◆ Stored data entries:
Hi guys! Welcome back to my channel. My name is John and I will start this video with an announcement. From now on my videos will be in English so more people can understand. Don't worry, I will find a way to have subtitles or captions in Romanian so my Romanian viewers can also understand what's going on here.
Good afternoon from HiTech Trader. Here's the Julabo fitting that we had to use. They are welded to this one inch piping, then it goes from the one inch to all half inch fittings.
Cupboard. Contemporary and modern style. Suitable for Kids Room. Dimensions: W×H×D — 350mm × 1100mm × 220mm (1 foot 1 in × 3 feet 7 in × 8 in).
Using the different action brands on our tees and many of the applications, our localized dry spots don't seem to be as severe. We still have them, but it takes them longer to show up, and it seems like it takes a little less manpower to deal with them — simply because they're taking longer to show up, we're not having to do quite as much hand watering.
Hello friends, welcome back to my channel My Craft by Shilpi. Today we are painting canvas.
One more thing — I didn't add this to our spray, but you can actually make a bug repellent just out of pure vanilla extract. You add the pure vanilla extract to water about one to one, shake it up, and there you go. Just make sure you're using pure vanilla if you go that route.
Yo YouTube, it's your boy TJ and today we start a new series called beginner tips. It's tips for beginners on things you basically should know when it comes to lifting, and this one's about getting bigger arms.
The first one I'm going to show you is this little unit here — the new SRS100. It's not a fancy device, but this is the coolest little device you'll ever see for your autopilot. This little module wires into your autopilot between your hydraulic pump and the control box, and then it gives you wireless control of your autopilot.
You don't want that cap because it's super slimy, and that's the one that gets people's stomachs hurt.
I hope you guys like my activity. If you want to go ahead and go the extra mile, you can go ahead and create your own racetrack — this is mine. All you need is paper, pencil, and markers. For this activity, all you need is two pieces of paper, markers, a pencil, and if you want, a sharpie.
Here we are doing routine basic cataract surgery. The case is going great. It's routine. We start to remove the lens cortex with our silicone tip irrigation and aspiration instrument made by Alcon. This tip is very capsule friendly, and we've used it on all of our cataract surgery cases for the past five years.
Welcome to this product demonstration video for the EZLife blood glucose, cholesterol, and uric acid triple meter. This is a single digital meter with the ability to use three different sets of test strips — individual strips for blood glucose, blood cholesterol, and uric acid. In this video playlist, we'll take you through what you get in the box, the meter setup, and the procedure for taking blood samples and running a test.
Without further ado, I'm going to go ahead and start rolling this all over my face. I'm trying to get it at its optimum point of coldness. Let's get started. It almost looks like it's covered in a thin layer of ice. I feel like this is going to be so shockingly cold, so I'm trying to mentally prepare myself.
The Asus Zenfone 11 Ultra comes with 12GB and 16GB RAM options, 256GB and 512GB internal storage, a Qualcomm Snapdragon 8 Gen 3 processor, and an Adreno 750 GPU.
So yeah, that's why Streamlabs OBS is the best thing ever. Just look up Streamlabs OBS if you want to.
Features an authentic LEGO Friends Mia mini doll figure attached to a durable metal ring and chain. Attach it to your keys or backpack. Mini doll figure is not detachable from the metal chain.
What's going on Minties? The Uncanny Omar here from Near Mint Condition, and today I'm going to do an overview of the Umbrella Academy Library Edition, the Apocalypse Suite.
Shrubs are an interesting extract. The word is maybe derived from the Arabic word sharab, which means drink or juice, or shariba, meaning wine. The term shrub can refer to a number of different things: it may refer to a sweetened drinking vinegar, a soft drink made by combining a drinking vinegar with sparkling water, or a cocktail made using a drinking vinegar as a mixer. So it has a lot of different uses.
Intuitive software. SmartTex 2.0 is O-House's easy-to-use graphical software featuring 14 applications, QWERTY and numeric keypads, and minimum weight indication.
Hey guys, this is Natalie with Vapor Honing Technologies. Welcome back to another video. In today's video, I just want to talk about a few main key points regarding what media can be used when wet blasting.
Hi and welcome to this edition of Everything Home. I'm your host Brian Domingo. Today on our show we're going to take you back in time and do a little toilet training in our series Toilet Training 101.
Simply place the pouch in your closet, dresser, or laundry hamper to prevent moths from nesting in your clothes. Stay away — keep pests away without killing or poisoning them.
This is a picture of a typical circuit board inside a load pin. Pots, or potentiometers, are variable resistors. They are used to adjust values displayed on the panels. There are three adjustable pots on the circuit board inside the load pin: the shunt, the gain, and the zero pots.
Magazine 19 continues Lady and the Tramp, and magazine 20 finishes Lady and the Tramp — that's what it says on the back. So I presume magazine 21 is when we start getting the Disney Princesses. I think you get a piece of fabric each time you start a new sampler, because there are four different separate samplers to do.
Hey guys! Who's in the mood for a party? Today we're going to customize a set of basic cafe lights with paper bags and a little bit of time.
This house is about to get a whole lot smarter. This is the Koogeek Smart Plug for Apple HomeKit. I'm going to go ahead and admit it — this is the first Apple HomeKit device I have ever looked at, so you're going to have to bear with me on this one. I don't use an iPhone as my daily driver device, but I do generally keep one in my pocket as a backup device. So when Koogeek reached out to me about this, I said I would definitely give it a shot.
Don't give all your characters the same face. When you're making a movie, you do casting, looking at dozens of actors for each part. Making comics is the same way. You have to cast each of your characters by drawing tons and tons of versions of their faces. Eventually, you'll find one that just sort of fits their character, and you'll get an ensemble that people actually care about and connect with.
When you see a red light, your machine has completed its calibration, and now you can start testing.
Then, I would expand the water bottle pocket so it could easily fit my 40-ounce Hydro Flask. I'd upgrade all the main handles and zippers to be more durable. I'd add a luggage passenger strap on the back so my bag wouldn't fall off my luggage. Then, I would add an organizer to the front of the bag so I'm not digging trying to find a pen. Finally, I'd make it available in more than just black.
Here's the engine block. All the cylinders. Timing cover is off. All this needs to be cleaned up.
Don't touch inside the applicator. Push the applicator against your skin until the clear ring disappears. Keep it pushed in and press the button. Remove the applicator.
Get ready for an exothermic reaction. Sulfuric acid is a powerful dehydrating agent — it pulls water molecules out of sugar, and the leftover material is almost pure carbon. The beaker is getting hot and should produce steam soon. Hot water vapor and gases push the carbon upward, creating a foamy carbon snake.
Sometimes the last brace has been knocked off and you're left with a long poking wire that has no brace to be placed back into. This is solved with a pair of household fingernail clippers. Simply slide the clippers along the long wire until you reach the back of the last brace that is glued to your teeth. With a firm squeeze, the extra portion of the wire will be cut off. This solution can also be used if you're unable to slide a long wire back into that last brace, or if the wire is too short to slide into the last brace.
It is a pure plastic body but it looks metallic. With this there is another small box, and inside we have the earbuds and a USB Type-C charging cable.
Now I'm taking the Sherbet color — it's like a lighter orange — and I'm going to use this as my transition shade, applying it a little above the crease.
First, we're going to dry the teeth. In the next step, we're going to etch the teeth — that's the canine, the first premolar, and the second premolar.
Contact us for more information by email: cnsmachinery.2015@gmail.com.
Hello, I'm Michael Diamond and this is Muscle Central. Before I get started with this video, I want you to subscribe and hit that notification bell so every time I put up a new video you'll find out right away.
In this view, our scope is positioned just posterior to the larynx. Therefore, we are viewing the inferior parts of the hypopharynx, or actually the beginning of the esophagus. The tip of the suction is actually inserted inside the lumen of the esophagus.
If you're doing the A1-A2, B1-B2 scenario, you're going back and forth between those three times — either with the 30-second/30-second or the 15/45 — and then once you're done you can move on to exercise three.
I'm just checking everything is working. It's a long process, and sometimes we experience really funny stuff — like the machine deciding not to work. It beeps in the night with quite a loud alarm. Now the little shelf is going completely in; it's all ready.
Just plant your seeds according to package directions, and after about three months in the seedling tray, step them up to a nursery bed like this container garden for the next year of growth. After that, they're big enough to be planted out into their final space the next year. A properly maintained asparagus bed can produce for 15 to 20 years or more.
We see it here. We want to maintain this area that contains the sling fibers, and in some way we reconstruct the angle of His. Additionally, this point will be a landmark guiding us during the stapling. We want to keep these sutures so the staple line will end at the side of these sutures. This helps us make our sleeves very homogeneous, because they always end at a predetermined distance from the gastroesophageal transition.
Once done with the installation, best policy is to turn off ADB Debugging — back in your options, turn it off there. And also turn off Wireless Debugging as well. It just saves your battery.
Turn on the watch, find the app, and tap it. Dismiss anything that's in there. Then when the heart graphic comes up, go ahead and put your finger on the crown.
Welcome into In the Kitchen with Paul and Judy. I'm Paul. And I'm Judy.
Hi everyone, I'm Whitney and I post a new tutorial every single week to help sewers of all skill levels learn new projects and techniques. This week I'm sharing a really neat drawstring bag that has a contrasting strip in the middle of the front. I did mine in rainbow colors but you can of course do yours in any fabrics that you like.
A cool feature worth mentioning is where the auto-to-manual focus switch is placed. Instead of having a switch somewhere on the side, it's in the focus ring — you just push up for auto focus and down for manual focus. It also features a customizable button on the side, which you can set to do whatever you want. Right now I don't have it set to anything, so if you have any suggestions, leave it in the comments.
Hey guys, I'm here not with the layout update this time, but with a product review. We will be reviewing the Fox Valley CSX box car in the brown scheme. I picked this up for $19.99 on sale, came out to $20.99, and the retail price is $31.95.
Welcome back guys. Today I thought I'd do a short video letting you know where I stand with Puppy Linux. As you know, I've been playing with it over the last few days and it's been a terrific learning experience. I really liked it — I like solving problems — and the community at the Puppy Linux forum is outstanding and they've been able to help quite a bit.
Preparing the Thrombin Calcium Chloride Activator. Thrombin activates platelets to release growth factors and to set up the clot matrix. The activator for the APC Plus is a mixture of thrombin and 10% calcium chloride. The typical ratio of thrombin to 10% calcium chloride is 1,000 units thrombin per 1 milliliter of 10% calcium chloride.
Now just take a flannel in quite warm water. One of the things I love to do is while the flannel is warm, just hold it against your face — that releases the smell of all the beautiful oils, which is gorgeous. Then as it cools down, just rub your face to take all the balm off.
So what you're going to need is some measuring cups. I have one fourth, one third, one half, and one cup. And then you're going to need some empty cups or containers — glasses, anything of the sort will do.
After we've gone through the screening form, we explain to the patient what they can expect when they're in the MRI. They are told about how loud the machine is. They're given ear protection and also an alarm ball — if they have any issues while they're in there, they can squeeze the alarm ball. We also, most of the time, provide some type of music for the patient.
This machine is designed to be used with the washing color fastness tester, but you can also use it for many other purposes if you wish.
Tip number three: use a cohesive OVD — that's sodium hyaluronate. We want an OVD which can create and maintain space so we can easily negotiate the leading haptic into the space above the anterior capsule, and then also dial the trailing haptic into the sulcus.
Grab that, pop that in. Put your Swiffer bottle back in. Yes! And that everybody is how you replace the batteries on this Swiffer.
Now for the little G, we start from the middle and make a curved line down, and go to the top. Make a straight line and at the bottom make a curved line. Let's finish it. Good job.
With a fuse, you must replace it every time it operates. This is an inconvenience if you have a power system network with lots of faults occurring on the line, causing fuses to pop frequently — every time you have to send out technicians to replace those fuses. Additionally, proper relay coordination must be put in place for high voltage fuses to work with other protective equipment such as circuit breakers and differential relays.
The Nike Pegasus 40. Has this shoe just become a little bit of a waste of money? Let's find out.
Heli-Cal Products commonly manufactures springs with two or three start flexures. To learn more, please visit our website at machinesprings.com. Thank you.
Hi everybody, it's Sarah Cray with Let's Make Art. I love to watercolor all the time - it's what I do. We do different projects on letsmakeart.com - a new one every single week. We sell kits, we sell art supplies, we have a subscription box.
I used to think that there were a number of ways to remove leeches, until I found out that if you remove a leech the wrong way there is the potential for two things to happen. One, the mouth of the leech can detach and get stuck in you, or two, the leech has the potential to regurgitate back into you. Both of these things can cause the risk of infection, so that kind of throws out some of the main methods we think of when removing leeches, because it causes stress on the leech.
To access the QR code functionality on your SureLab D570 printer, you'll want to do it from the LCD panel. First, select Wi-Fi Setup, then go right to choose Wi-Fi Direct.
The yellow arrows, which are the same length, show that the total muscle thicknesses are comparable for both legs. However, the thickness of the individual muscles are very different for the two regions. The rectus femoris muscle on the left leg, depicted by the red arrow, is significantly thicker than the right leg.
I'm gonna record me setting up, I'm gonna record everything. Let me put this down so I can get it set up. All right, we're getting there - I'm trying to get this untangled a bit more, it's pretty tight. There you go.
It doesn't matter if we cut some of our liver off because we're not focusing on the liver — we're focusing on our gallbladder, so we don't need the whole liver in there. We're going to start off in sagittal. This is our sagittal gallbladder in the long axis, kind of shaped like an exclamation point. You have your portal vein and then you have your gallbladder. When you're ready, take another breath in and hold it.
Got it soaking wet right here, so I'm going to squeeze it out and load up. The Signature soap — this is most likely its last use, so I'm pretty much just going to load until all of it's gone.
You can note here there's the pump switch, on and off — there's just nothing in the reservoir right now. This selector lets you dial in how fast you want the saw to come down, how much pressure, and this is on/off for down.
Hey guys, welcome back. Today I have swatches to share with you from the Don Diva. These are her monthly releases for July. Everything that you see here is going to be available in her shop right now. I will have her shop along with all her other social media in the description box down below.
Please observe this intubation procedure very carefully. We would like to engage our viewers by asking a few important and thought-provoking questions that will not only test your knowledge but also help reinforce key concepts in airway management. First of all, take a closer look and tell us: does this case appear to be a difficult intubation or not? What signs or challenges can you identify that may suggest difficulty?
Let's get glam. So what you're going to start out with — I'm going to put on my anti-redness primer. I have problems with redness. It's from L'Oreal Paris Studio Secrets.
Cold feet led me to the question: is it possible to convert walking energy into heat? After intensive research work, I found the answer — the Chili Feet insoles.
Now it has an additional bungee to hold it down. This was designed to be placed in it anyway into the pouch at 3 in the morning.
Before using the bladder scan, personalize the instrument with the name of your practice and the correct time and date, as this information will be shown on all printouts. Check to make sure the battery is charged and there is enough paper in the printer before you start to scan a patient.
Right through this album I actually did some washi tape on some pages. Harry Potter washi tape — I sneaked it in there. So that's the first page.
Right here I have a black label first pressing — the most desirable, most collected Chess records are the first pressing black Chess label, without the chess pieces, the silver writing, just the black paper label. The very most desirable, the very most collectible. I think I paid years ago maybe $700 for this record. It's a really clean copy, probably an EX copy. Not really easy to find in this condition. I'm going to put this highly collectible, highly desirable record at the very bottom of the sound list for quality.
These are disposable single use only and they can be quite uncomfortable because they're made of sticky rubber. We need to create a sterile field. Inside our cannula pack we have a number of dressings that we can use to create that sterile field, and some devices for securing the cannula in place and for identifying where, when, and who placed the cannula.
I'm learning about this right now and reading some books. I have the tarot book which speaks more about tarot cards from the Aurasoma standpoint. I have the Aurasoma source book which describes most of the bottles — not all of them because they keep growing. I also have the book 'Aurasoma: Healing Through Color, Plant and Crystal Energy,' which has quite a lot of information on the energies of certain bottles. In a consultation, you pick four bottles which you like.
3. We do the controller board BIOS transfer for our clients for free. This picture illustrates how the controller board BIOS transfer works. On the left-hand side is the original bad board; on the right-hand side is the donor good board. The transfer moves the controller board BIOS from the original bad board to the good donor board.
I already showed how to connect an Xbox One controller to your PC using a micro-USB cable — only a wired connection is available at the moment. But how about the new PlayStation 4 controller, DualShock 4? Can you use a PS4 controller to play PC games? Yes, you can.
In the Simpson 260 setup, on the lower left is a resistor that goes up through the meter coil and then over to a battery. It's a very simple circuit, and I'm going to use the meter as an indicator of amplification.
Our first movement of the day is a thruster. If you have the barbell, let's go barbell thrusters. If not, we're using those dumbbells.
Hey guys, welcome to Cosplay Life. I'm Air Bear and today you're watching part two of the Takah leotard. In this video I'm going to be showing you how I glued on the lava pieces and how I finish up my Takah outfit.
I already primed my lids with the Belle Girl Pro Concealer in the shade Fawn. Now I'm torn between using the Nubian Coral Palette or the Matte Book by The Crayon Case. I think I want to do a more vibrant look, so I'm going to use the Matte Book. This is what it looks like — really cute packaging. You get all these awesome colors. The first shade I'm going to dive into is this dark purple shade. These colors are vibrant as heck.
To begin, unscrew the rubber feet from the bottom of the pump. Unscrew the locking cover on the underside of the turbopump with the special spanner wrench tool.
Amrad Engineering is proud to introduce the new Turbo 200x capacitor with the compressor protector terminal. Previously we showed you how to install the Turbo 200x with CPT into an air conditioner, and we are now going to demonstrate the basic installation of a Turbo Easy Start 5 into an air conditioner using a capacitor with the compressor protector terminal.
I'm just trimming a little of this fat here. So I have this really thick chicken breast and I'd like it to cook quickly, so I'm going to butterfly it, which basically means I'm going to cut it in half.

◆ Exercise brief: Above this instruction are the records; retype exactly the lines from the one containing "After we've gone" up to and including the one containing "Now for the".

◆ The answer:
After we've gone through the screening form, we explain to the patient what they can expect when they're in the MRI. They are told about how loud the machine is. They're given ear protection and also an alarm ball — if they have any issues while they're in there, they can squeeze the alarm ball. We also, most of the time, provide some type of music for the patient.
This machine is designed to be used with the washing color fastness tester, but you can also use it for many other purposes if you wish.
Tip number three: use a cohesive OVD — that's sodium hyaluronate. We want an OVD which can create and maintain space so we can easily negotiate the leading haptic into the space above the anterior capsule, and then also dial the trailing haptic into the sulcus.
Grab that, pop that in. Put your Swiffer bottle back in. Yes! And that everybody is how you replace the batteries on this Swiffer.
Now for the little G, we start from the middle and make a curved line down, and go to the top. Make a straight line and at the bottom make a curved line. Let's finish it. Good job.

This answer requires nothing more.